Question

A sum of INR 27800 is invested for 2 years in 2 different schemes, both on simple interest. The rates of interest are 14% and 11% in the 1st and 2nd schemes respectively. The total interest after 2 years is INR 7016. What sum was invested in the 2nd scheme?

• A. 12800
• B. 16200
• C. 14600
• D. None of these

Hint:

When solving problems involving simple interest, use the formula \( I = \frac{P \times R \times T}{100} \) and set up equations based on the total sum and interest to solve for the unknowns.

Answer 1

The Correct Option is A

Let the sum invested in the 1st scheme be \( P_1 \) and in the 2nd scheme be \( P_2 \).
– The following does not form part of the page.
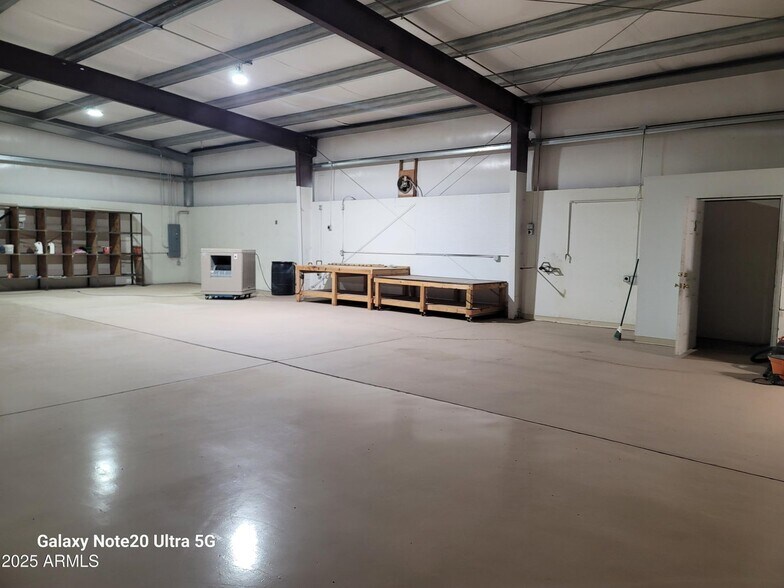 More Photos Of 8282 W Sandy Ln, Arizona City Warehouse For Sale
The total sum invested is:
\[ P_1 + P_2 = 27800 \] The total interest is given by the formula for simple interest:
\[ I = \frac{P \times R \times T}{100} \] where \( P \) is the principal, \( R \) is the rate of interest, and \( T \) is the time in years.
For the 1st scheme:
\[ I_1 = \frac{P_1 \times 14 \times 2}{100} = \frac{28P_1}{100} \] For the 2nd scheme:
\[ I_2 = \frac{P_2 \times 11 \times 2}{100} = \frac{22P_2}{100} \] The total interest is INR 7016:
\[ I_1 + I_2 = 7016 \] \[ \frac{28P_1}{100} + \frac{22P_2}{100} = 7016 \] Multiplying through by 100:
\[ 28P_1 + 22P_2 = 701600 \] From \( P_1 + P_2 = 27800 \), we can express \( P_1 \) as:
\[ P_1 = 27800 - P_2 \] Substitute into the equation:
\[ 28(27800 - P_2) + 22P_2 = 701600 \] \[ 778400 - 28P_2 + 22P_2 = 701600 \] \[ 778400 - 6P_2 = 701600 \] \[ 6P_2 = 76800 \] \[ P_2 = \frac{76800}{6} = 12800 \] Thus, the sum invested in the 2nd scheme is INR 12800.